Can-con continues decline by Graham Fraser
Source : Toronto Star
Oct 24, 2001
by Graham Fraser
OTTAWA - Despite millions of federal dollars provided to private broadcasters for Canadian programming, private TV networks are spending steadily more on U.S. television programs and less on Canadian ones.
A recent study by Friends of Canadian Broadcasting found that the country's private conventional broadcasters, such as CTV and Global, increased their spending on non-Canadian programs between 1993-94 and 1999-2000 by more than 50 per cent, while they reduced their spending on Canadian programs by 6 per cent.
"During the same period, their revenues, in year 2001 dollars, increased by almost 14 per cent, and their profits rose by 42 per cent," the study found.
"The amount of public money has doubled, yet the private networks are spending less," Ian Morrison, spokesperson for the Friends of Canadian Broadcasting, said in an interview yesterday. "That's a problem."
The study has been submitted to the Standing Committee on Canadian Heritage, which begins hearings on the future of Canadian broadcasting on Nov. 4.
The study found that over the decade from 1989-90 to 1999-2000, federal contributions to Canadian television production funds more than doubled from $102.3 million in 2001 dollars to $239.9 million. But over the same period, private broadcasters increased spending on non-Canadian programs from $292.6 million to $449.5 million while spending on Canadian programs dropped from $539 million to $506.1 million.

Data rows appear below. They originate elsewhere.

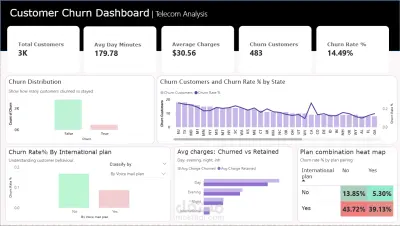 صورة العمل مشروع متكامل لتحليل البيانات والتنبؤ بخسارة العملاء (Customer Churn Prediction)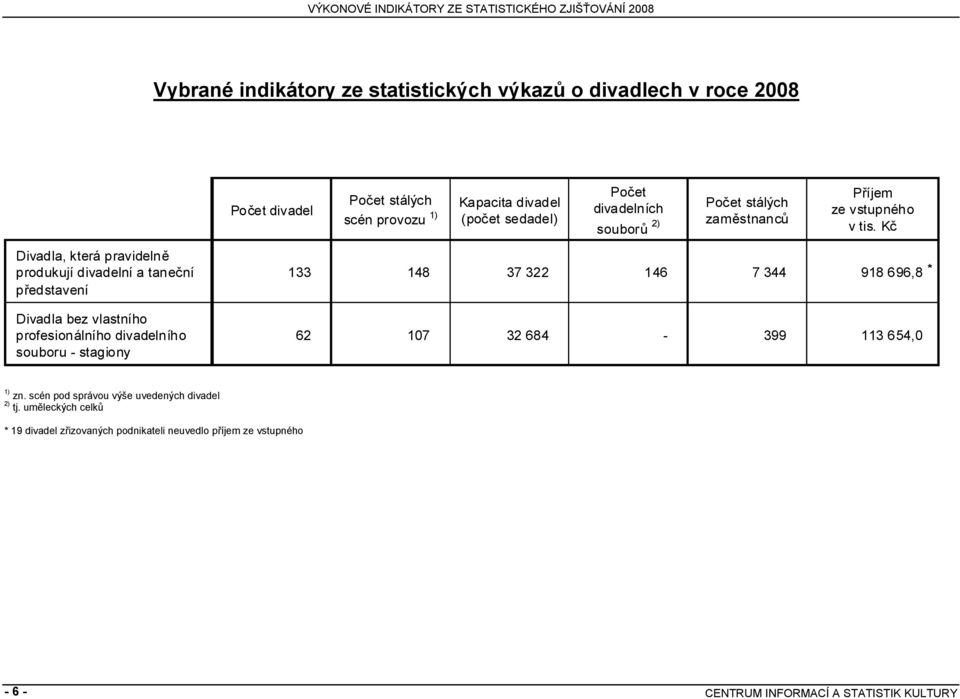 Kč Divadla, která pravidelně produkují divadelní a taneční představení Divadla bez vlastního profesionálního divadelního souboru - stagiony 133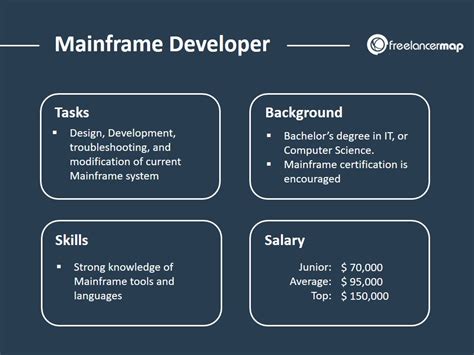Mainframe Developer Career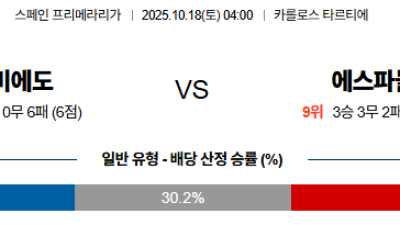 10월18일 오비에도:에스파뇰 라리가 분석 및 예측 스포츠중계:스포츠무료중계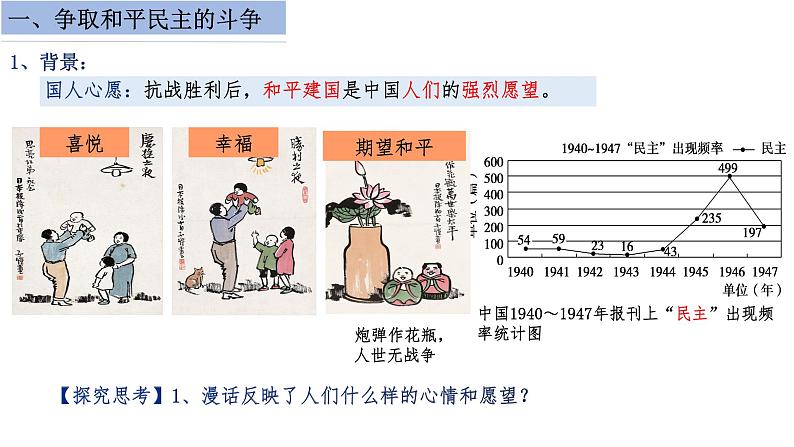 第21讲 人民解放战争 课件--2025届高三统编版（2019）必修中外历史纲要上一轮复习05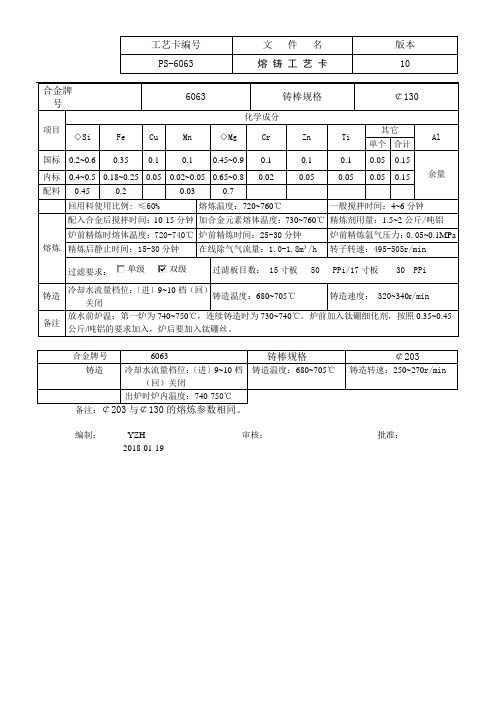 6063 牌号 铝棒熔炼工艺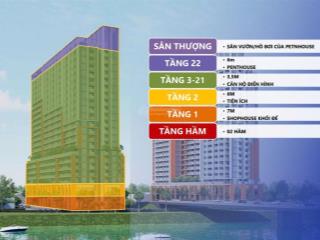 Thông tin đầy đủ và chính xác nhất về căn hộ spana tower đà nẵng (hoà xuân). hotline  0818 821 ***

"But broadcasters do not invest equally," the study observed, pointing out 57 per cent of CTV's total program expenditures - $159.3 million - went to Canadian programs, compared with 41 percent of CanWest Global's spending on Canadian programs.
Friends of Canadian Broadcasting is a lobby group for Canadian content.
Morrison said people are unaware the increased federal funding for Canadian programming has had this perverse effect. "If the government's putting in money, the other players have to belly up to the bar. But it's a one-way street: the government is putting in, and the private conventional broadcasters are taking out."
During the last decade, despite the fact its government funding has been slashed from $1.28 billion annually in 1990-91 to $901 million in 2000-01, the CBC has become almost entirely Canadian.
During the same period, the study shows specialty TV channels have had an impact on the patterns of spending on Canadian programs.
While the CBC is still the largest investor in English-language TV productions assisted by Telefilm Canada, the second-largest investor is now, as a group, the specialty channels, followed by CTV, while Global barely figures in the data.
The study also found CBC-TV is increasingly dependent on advertising revenue from the private sector, which increased from $288.3 million, or 28 per cent of the operating grant in 1995-96, to $353.9 million, or 43.6 per cent in 2000-01.